- **Provided material**
* * * * * * *

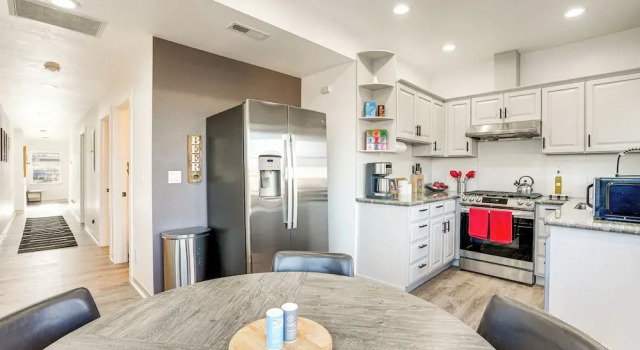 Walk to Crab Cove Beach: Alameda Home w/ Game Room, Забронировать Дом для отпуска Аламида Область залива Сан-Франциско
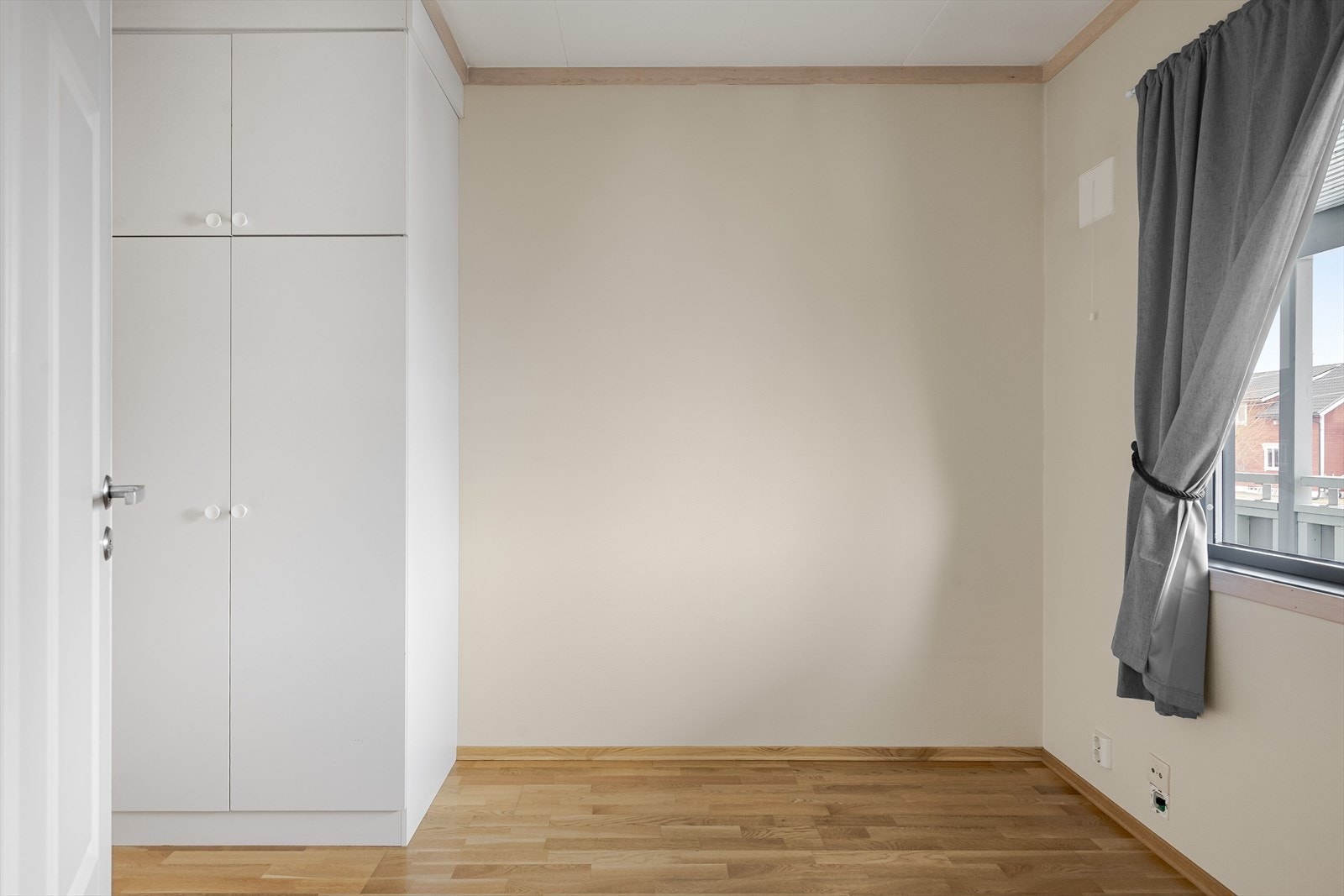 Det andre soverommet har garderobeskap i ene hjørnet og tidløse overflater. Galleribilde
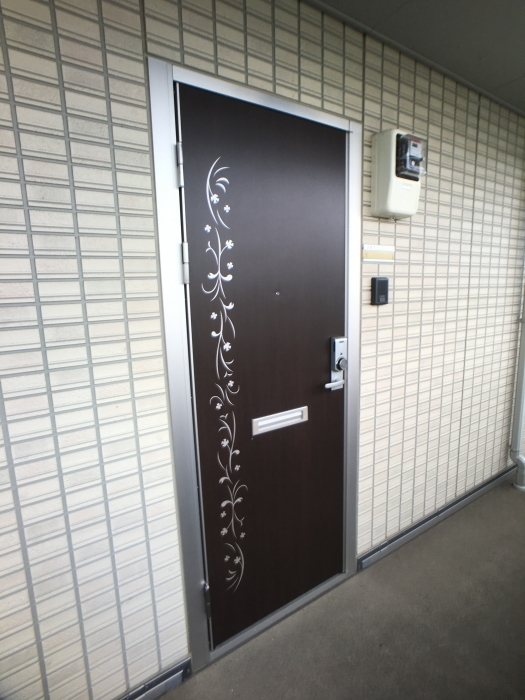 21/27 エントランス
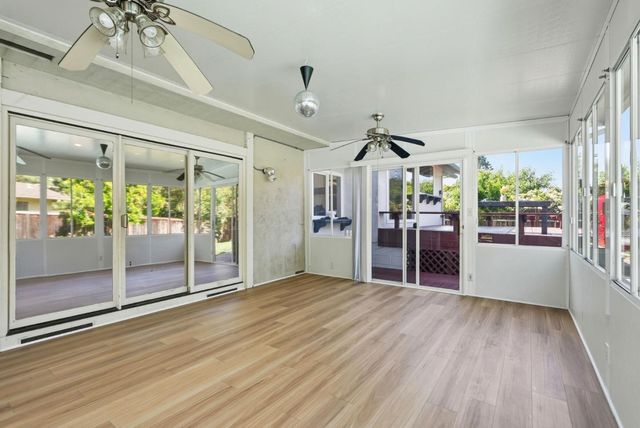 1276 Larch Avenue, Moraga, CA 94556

* * * * * * *

- **Exercise directions**
From the first line to the last, copy the listing above exactly, dropping all images.

- **Exercise result**
 Walk to Crab Cove Beach: Alameda Home w/ Game Room, Забронировать Дом для отпуска Аламида Область залива Сан-Франциско
 Det andre soverommet har garderobeskap i ene hjørnet og tidløse overflater. Galleribilde
 21/27 エントランス
 1276 Larch Avenue, Moraga, CA 94556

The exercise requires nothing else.